Sim, creio que tem que haver as questões amorosas e as questões de limite e de cuidados. A função paterna para nós tinha a ver com a assembleia, com esse espaço…, também creio que a função paterna era poder bancar a crise, todas essas provas às quais os pequenos se submetiam. Capacidade para bancar isso, a capacidade para por os limites que era preciso por nesse momento. Mas, creio que a assembleia foi a chave, a partir da assembleia pudemos trabalhar muito o tema da palavra. Eram pequenos que não falavam, seus recursos eram a violência, quebrar uma garrafa e botar no pescoço do outro, rapidamente íamos a situações extremas. Foi muito importante instalar que havia um espaço para falar e que era preciso falar dos problemas… Conto assim facilmente, mas havia assembleias em que estavam todos mudos e nós com um livrinho fazendo de conta que não nos importávamos, até que pudessem falar, porque a lógica que tentavam instalar era a lógica do cárcere, da dominação pelo mais forte. Creio que a função paterna passava um pouco por aí… e a função materna, em torno dos cuidados e do amor, que pudessem ter comida gostosa, todas essas questões; cantávamos para eles de noite com o violão, podíamos ler contos para eles.

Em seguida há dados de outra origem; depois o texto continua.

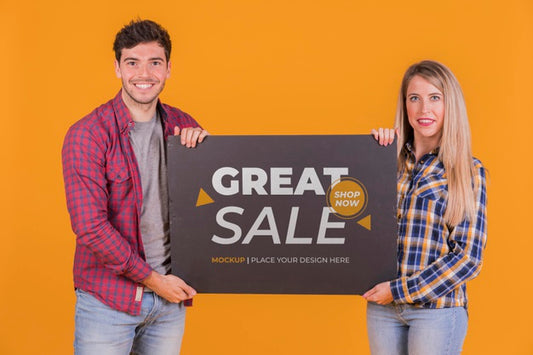 Free Man And Woman Holding A Sign Concept Mock-Up Psd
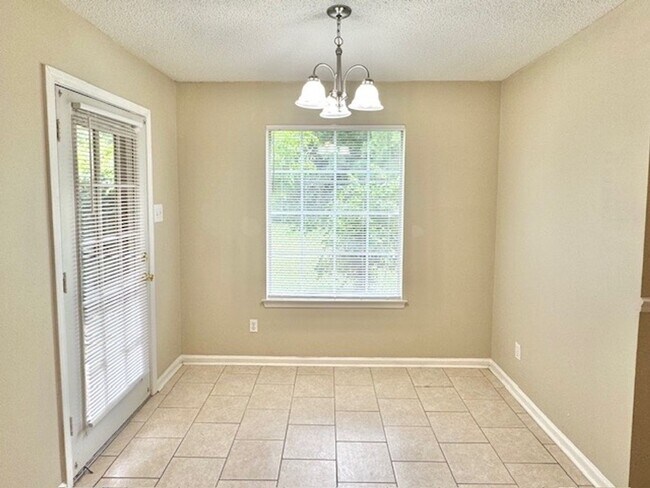 Foto del edificio - LindseyLeafCv7141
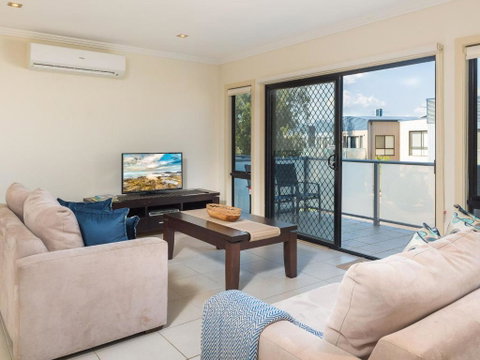 Sea Breeze - Tweed Heads Accommodation 1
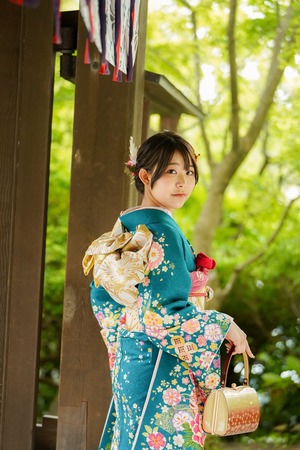 成人式 振袖 前撮り 神社 ロケーションフォト8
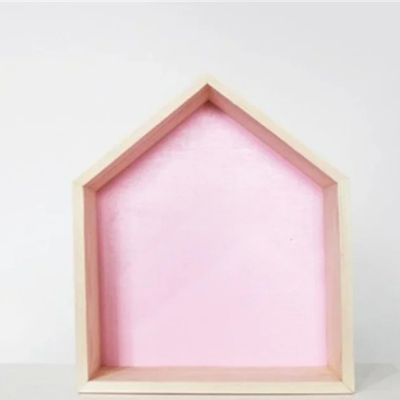 ETAGERE_Chambre_Enfant en pin_-_PetiteCabane_-_Rose sur un fond blanc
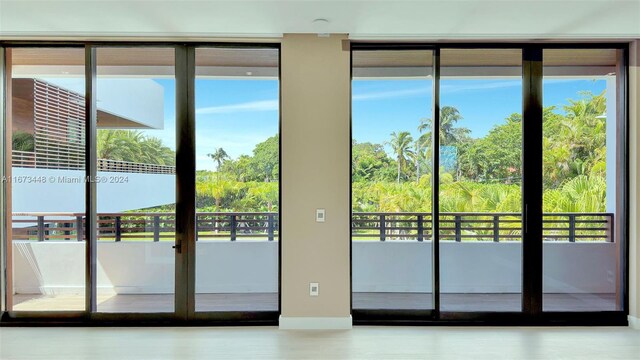 9860 NE 5th Avenue Rd, Miami Shores, FL 33138 - photo 54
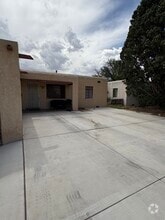 Building Photo - 1315 Dartmouth Dr NE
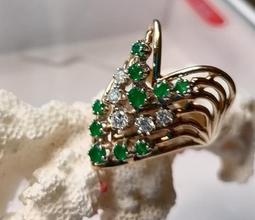 18k鉆鑲高冰金絲種佛公佛公體型敦厚可愛小滿滿的陽綠絲杠杠的金絲種 翡翠 飾品 收藏【二手】【微淵古董】-2933 歷史價格詳細信息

Era impressionante ver meninos grandes de 14, 15 anos que, diante de um conto, ficavam fascinados, vê-los brincar com carrinhos, se soltarem, não estarem numa posição tão defensiva…

Parece interessante esta Idea da função paterna ligada à assembleia, não é uma autoridade que se impõe, mas algo que tem a ver com a tomada da palavra, certo respeito com a palavra…

Sim, foi um espaço de formação para todos.

Com qual dificuldade você se encontrou particularmente? Imagino que bastante. Há alguma coisa que você queira ressaltar…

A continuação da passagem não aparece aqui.